If a line in the entries below contains the word "Hotel", it counts; report how many such lines there are, and only that number.

• _Brief descriptive captions_
┄┄┄┄┄┄

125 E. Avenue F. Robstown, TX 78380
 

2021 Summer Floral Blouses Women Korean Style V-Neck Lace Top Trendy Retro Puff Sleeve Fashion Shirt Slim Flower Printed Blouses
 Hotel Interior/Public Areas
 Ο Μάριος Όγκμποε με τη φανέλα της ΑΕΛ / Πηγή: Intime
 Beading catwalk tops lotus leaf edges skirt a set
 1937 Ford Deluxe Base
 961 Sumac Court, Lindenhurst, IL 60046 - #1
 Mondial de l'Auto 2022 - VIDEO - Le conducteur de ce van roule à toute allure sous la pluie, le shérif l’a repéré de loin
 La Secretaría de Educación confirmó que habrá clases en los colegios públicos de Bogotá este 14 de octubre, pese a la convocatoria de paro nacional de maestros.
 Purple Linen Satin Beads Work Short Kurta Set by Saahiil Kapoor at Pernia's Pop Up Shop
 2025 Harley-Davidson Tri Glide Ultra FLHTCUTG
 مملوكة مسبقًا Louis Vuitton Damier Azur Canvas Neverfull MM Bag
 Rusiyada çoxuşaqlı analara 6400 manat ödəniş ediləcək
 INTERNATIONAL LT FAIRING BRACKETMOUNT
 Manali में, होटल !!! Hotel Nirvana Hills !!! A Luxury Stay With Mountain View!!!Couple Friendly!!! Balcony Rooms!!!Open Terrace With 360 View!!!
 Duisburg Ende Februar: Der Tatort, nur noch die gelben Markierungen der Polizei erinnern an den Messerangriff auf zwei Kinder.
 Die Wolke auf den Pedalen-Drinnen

┄┄┄┄┄┄

• _Output of the task_
2